Monday, November 30, 2009

Kitchen Knives

OK, I promised some pictures of the things that I was working on in the garage, and since projects are always ongoing, I thought that I would post a variety - but then I wrote too much, so if you want to see more visit hangedmandesigns.

As I mentioned in an earlier post I am working on about seven knives right now, four are getting pretty close, and one is almost done.

We’ll talk about that one and its friend.

The original idea was to make a Santuku style kitchen knife. The only steel big enough was a piece of heavy duty Jeep leaf spring that my neighbor two or three houses ago gave to me.

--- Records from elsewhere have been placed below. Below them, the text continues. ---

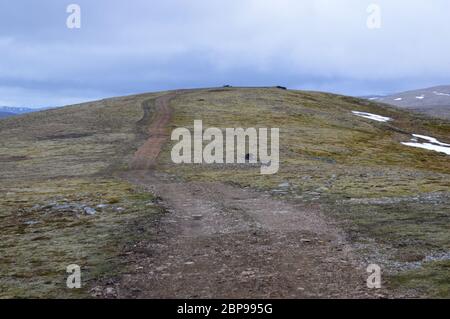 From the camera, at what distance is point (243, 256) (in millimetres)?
16484

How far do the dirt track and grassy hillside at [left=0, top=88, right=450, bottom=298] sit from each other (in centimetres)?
113

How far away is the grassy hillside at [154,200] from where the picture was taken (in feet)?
52.5

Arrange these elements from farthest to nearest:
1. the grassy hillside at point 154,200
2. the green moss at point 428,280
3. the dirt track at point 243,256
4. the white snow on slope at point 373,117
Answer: the white snow on slope at point 373,117
the grassy hillside at point 154,200
the dirt track at point 243,256
the green moss at point 428,280

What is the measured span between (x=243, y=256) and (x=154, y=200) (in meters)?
12.2

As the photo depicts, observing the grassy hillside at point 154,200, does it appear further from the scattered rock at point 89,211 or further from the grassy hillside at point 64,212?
the scattered rock at point 89,211

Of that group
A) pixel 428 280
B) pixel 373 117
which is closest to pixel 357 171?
pixel 428 280

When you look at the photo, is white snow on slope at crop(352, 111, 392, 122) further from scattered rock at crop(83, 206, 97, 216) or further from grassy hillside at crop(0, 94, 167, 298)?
scattered rock at crop(83, 206, 97, 216)

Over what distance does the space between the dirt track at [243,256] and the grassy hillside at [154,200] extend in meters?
1.13

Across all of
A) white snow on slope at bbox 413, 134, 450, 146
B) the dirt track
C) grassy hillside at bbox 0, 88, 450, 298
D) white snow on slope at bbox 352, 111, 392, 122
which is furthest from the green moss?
white snow on slope at bbox 352, 111, 392, 122

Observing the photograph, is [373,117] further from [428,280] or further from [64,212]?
[428,280]

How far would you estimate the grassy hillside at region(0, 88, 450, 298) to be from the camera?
16016mm

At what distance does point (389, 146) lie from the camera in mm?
70938

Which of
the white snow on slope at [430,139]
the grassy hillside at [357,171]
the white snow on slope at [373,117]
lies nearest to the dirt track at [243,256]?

So it started as a big thick curved bar of steel.

I thought I should make a little paring knife to go with it, and I still had a piece of O-1 round stock to work with for that one.

With a lot of fire and hammering and a little cleaning up on the belt grinder they made it to this stage.



















And then this stage.


















And then this stage, ready to quench.


So I quenched, and then things went wrong. I’d hammered and ground the blade to thin on the big knife, and something was a little off on the other. As a result I had a curved paring knife, and a wavy edged Santuku. After some heat on the spine of the paring knife, apparently not enough, I snapped it in half. The big knife took some grinding, and another quench, and isn’t quite the intimidating cleaver that it was before.

The Santuku is the third from the left (it still needed straightening), the paring knife is now a scalpel (top right, next to the dagger).

Now the Santuku carving knife is polished all shiny, and stamped, and has a pretty tulipwood handle, with brass pins. After it is finished, I’ll post a couple more pictures.

And I think that is long enough for now.